This is an interesting thread. I appreciate all the different opinions and perspectives. And I have taken some good advice from some of the comments, so thank you! I noticed there were several who stated that they prefer to build on the foundation of friendship and I have to agree with them.
So often people go into "dating" mode and put on a front as to who they really are, I'm not saying everyone does this, it is just rather common. Some find out what that other person wants and then become that person just long enough to get a hold on the other. In the words of the wonderful Ms. Taylor Swift (Yes, I'm nearly 30 and rock out to TSwift)...."found out what you want and be that girl for a month." And then the relationship comes crashing down when real characteristics and behaviors peek through that mask. And I feel like this occurs because that individual wants to be wanted, to feel validated and that is so common, and it's understandable! You and I are floating in the same boat! (However, I am more pathetic as I have created my own "Wilson".) We just need to find our validation in God first, and understand our value as a individual, not as a couple. But that can be so difficult because as us women get older, society judges us on our singleness. And I won't say that it is easy, it's painful and lonely. And when those moments of loneliness creep up, just pray! Now, it took me three years to learn that, and I do forget it some days. On the days I forget Haagen Dazs sees a spike in their profit margin....
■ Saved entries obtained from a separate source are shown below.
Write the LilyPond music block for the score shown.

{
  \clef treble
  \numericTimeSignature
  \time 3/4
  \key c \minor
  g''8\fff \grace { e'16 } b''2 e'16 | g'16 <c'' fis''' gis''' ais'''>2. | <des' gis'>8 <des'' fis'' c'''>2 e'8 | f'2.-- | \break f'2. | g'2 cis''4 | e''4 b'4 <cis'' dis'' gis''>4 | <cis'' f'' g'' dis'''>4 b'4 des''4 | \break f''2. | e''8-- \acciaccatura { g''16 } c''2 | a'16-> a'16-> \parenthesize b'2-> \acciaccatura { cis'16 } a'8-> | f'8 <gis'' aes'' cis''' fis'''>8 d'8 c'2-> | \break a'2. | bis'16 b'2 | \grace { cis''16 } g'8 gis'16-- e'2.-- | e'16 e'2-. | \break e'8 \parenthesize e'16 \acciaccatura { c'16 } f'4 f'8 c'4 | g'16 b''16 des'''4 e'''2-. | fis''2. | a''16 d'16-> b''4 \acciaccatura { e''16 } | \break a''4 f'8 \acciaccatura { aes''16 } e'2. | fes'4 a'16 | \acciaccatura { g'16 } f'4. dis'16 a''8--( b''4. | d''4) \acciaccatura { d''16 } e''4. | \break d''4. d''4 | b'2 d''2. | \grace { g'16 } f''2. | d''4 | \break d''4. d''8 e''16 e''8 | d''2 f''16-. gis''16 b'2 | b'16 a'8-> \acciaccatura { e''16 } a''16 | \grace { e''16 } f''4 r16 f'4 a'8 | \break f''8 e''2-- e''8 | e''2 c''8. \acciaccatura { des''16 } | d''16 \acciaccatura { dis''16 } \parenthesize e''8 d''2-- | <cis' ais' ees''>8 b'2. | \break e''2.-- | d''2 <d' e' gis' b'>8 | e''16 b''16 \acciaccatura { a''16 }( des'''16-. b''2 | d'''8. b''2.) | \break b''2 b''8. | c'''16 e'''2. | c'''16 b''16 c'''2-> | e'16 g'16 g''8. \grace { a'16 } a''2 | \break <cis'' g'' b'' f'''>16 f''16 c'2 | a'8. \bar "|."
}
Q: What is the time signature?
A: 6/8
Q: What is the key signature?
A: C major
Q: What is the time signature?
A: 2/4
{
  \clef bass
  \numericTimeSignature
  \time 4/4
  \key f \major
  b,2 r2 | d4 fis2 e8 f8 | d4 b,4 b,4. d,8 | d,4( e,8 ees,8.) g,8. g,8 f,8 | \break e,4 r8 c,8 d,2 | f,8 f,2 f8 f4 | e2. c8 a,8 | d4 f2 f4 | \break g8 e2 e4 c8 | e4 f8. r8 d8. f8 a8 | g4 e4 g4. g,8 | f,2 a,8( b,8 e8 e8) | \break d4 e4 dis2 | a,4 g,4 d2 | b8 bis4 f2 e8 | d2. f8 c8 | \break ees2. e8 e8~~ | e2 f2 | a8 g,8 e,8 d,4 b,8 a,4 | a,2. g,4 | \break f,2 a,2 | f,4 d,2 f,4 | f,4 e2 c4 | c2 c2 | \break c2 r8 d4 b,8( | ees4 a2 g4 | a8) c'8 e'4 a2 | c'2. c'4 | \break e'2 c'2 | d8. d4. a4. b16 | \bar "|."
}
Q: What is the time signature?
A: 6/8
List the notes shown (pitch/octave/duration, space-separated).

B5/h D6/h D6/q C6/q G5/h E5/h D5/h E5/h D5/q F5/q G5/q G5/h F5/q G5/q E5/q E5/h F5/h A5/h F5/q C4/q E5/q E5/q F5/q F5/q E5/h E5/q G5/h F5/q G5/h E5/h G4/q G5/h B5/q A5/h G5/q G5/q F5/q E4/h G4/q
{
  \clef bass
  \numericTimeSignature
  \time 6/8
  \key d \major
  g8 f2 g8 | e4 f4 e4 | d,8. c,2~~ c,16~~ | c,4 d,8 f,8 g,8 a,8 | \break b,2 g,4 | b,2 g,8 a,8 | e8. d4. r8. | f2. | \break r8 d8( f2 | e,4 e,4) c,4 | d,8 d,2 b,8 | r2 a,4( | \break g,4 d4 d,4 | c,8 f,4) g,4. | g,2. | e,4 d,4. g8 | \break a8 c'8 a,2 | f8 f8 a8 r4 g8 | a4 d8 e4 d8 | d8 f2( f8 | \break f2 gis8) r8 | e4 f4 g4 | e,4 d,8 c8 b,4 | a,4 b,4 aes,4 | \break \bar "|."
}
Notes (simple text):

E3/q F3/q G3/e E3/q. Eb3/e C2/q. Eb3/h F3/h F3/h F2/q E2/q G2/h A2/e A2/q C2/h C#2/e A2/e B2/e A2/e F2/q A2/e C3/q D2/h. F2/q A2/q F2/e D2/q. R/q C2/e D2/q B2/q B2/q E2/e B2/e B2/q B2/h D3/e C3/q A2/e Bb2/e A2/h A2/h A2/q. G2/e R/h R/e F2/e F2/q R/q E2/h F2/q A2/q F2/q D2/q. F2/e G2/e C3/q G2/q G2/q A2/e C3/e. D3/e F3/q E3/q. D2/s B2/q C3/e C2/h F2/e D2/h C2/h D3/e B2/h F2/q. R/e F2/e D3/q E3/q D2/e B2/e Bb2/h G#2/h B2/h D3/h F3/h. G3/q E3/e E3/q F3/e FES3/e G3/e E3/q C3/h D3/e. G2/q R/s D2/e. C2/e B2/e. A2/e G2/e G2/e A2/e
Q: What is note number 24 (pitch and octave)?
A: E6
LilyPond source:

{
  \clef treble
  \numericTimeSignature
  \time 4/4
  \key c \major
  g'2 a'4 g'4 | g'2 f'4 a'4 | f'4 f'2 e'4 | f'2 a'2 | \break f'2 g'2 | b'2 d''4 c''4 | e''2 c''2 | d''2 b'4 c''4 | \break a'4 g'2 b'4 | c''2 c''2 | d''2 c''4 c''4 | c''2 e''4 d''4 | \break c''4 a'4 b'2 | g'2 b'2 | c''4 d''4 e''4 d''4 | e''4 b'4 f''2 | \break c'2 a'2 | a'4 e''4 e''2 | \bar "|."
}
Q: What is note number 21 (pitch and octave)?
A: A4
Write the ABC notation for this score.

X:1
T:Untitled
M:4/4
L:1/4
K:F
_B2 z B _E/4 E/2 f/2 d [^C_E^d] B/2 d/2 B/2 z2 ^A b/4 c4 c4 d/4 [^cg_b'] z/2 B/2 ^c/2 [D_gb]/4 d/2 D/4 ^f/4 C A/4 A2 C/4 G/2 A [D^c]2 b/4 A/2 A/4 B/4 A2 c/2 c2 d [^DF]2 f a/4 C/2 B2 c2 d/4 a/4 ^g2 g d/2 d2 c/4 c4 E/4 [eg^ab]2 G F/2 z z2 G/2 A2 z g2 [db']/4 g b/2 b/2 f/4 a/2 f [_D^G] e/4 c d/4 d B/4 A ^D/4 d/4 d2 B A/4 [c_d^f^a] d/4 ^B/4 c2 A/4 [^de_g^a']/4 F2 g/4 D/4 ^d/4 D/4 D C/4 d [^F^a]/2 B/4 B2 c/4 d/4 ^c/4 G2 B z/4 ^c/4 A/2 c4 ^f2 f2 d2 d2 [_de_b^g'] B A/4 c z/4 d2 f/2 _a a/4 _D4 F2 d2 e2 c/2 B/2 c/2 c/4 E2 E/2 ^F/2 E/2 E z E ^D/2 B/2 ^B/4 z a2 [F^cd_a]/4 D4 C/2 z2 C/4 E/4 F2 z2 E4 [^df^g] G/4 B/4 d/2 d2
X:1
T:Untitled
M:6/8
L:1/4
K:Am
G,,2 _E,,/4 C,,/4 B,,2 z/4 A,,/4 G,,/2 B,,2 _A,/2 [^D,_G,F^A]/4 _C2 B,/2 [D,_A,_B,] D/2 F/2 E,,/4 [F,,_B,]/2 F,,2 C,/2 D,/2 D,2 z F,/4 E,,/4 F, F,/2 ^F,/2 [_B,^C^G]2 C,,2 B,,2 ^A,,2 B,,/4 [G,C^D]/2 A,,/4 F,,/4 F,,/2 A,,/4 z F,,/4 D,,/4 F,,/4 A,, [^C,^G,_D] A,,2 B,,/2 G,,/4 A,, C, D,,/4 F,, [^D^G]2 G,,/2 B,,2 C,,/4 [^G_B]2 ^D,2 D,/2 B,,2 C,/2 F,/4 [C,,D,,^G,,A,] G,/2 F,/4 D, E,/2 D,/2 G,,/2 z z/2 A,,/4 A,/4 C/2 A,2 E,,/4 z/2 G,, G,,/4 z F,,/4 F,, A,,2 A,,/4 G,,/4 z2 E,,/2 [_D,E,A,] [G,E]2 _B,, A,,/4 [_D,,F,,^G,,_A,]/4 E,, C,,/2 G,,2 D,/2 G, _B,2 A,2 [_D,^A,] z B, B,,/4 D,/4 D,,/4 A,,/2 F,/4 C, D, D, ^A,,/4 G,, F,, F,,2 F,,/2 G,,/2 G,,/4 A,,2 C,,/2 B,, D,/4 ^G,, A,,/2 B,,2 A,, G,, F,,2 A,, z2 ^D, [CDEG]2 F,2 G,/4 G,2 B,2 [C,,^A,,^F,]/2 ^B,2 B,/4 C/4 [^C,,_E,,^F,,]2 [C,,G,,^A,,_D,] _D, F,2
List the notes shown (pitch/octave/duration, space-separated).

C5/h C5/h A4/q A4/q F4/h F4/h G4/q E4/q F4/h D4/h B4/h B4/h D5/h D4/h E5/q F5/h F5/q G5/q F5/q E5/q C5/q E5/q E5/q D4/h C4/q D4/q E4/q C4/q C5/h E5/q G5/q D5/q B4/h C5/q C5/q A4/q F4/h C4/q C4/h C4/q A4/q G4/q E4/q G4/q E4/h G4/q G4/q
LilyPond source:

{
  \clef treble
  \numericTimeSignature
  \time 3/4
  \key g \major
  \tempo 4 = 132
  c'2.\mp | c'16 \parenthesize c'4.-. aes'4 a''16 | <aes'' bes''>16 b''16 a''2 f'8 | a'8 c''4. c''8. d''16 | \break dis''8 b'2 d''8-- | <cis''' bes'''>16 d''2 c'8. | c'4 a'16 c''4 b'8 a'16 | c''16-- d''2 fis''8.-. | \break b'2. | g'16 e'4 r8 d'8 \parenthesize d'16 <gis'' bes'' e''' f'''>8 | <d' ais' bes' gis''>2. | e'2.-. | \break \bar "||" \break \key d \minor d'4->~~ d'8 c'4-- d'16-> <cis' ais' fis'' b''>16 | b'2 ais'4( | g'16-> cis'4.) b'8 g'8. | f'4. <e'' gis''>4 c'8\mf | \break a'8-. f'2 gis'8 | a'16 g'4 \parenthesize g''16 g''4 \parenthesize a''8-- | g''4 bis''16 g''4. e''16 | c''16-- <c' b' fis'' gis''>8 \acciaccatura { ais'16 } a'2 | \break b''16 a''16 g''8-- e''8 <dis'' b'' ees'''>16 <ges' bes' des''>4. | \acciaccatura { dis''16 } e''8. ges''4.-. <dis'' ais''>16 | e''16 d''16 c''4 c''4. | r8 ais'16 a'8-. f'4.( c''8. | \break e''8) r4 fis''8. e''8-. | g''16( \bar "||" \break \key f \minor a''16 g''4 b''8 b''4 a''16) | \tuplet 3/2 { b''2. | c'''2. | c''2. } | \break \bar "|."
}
Also, people often focus on physical appearance, which hinders their abilities to find a person who suits them best. Now, don't get me wrong, physical attraction is always nice.
But, sometimes people don't realize that a great friendship CAN lead to physical attraction. Perhaps you "friend zoned" him because he wore glasses, he wasn't very tall, he had a receding hairline, or had that weird patch of hair under his bottom lip. But, after getting to know someone, that physical attraction may begin to develop. (And often those "gorgeous faces/bodies" lead to trouble.) Now, I won't say that blue or green eyes don't make me weak in the knees.... But I will say I have had a moment where an emotional connection led to a physical attraction and that was the better of my past relationships.
My advice, take it slow. Don't go "hunting" for a relationship. Don't hide your faults AND don't judge anyone's faults! There is only One who has that right. Be open, and empathetic, try to understand that individual and their struggles. And I say that because we ALL struggle, in some way or form and people forget that. We are not perfect, only Jesus is. So, be honest about yours and try to understand your significant other's struggle and be supportive. Don't go into a relationship thinking it will always be 50/50, sometimes you will have to lean on each other and it will vary going back and forth from 30/70 to 70/30 to 50/50 (illnesses, troubling times, emotional turmoil).
(Stepping off soapbox....) It's getting wobbly.
Now from a male perspective: Ladies, don't be needy. Give space and appreciate being an "individual". If you can take care of yourself and entertain yourself I'm sure you will be appear ten times more attractive.